> _EXERCISE OBJECTIVE_
I need the entries printed again word for word, without the images.

::::::

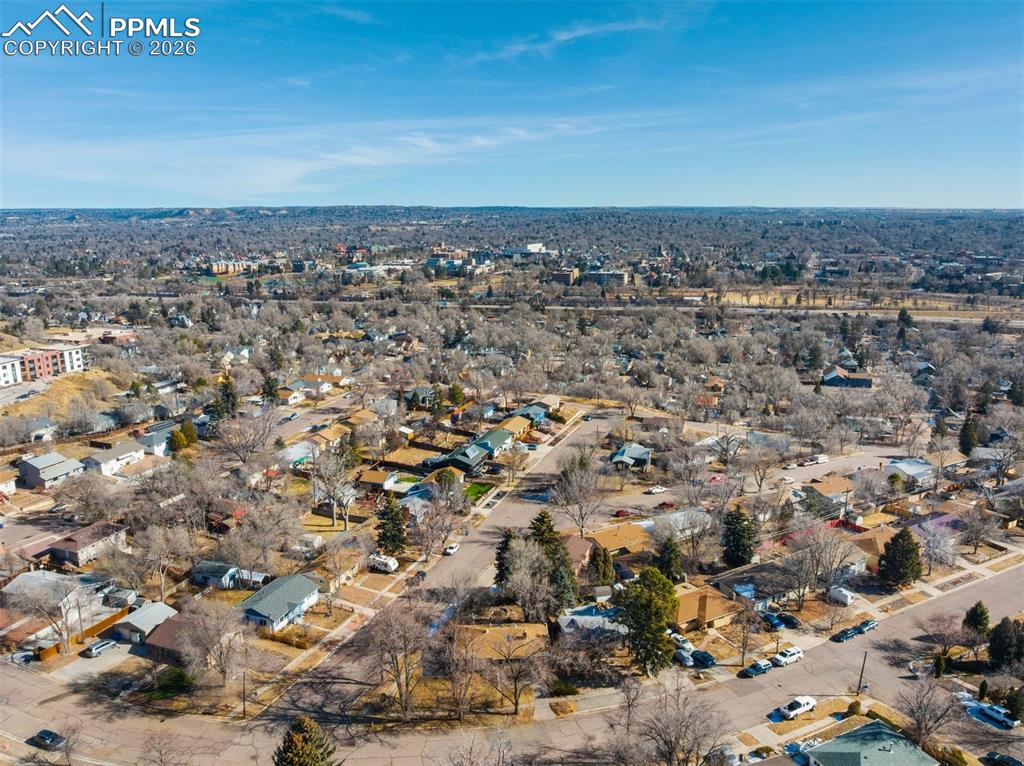 Image 7 of 10: Aerial View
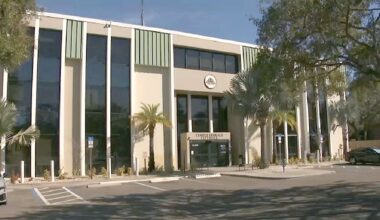 Public safety complex plan moves forward in Temple Terrace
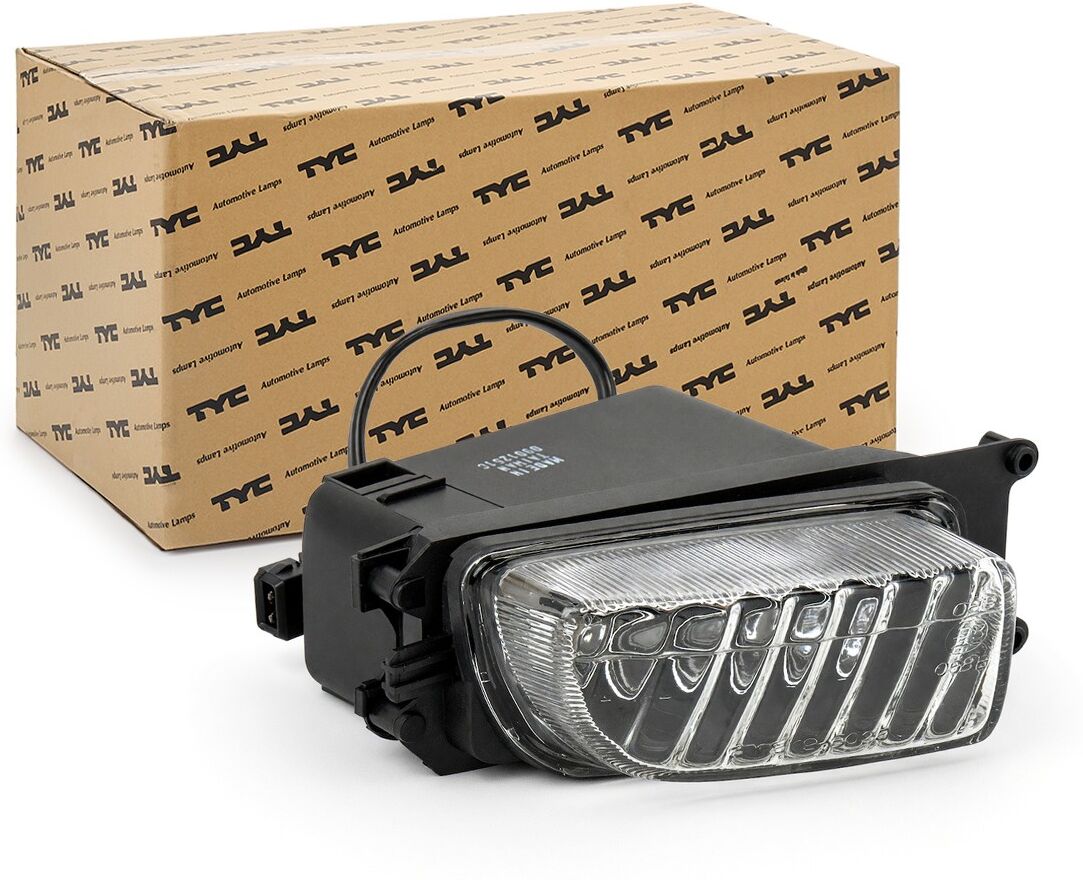 TYC 19-5095-05-2 Fog Light
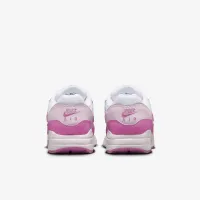 Nike Air Max 1 Big дитячі Кросівки колір білий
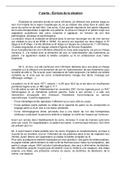 Examen UE 4.1 (dossier)
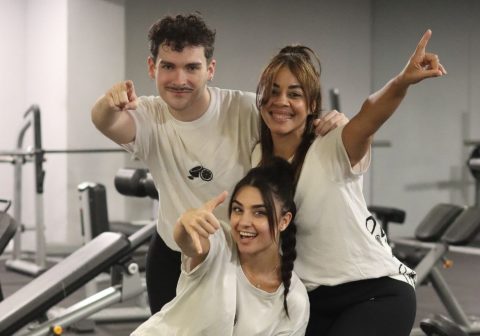 equipo de coaches de castellon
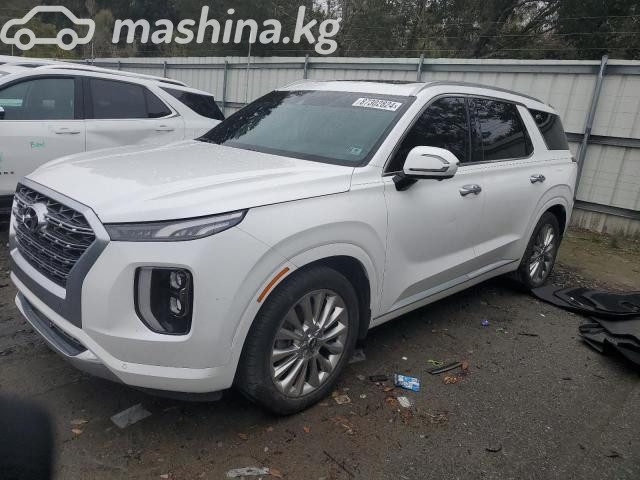 Hyundai Palisade I
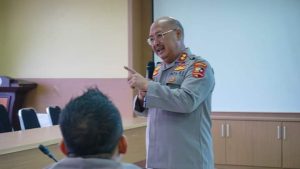 Universitas Kepolisian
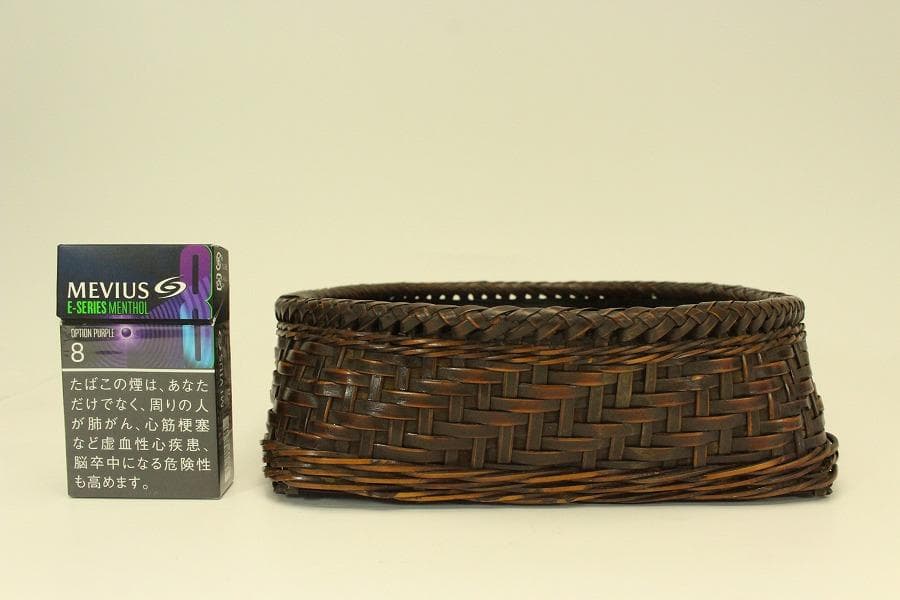 茶道具 竹網 時代 炭斗 炭 火箸 香合 釜環 揃い まとめて(A703)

::::::

> _ANSWER SECTION_
 Image 7 of 10: Aerial View
 Public safety complex plan moves forward in Temple Terrace
 TYC 19-5095-05-2 Fog Light
 Nike Air Max 1 Big дитячі Кросівки колір білий
 Examen UE 4.1 (dossier)
 equipo de coaches de castellon
 Hyundai Palisade I
 Universitas Kepolisian
 茶道具 竹網 時代 炭斗 炭 火箸 香合 釜環 揃い まとめて(A703)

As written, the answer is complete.